**Your instructions**. Take the lines from the one containing "Foto 1 de Casa" through the end of the material and write them out exactly, omitting pictures.
___ Given data
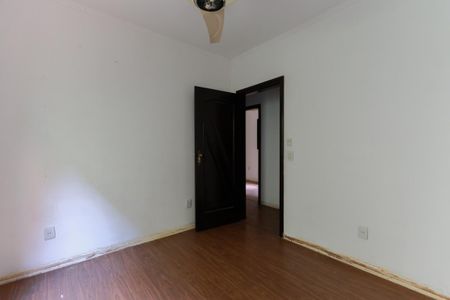 Casa para alugar com 250m², 5 quartos e 2 vagasQuarto 1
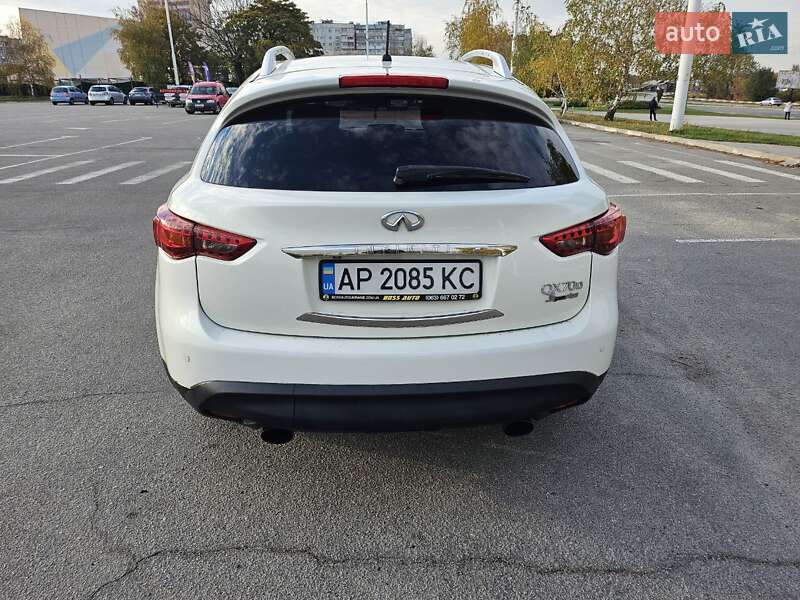 Внедорожник / Кроссовер Infiniti FX 30 2012 в Запорожье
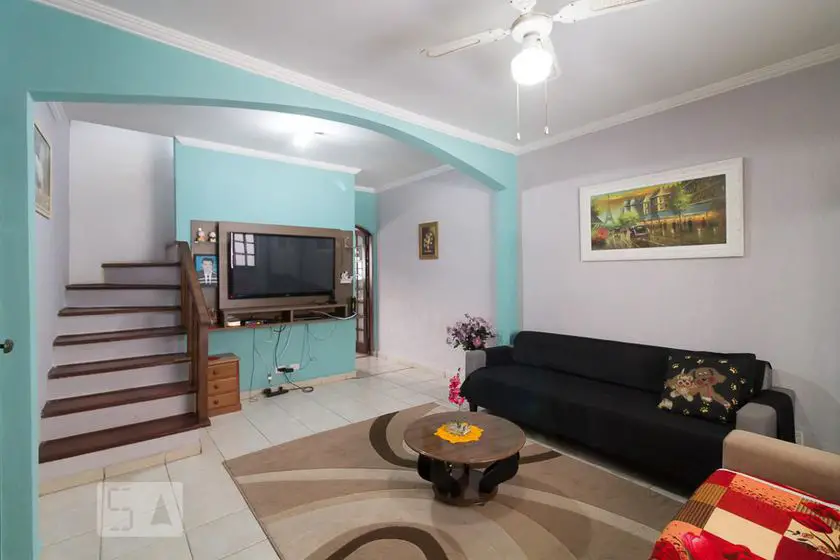 Foto 1 de Casa com 3 Quartos para alugar, 130m² em Picanço, Guarulhos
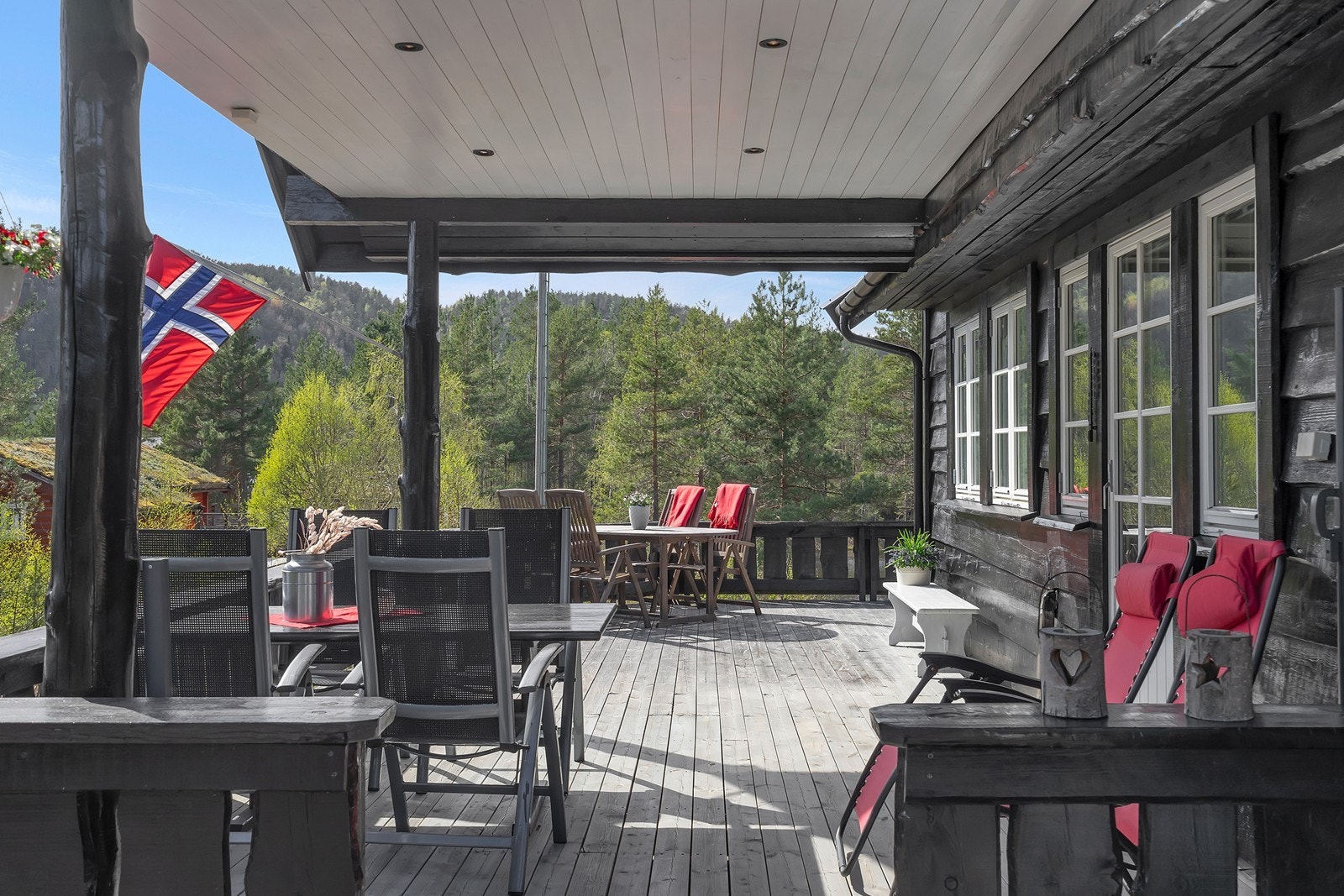 Overbygd veranda med spotter i tak som forlenger sommerkveldene. Galleribilde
______
**Expected answer**.
 Foto 1 de Casa com 3 Quartos para alugar, 130m² em Picanço, Guarulhos
 Overbygd veranda med spotter i tak som forlenger sommerkveldene. Galleribilde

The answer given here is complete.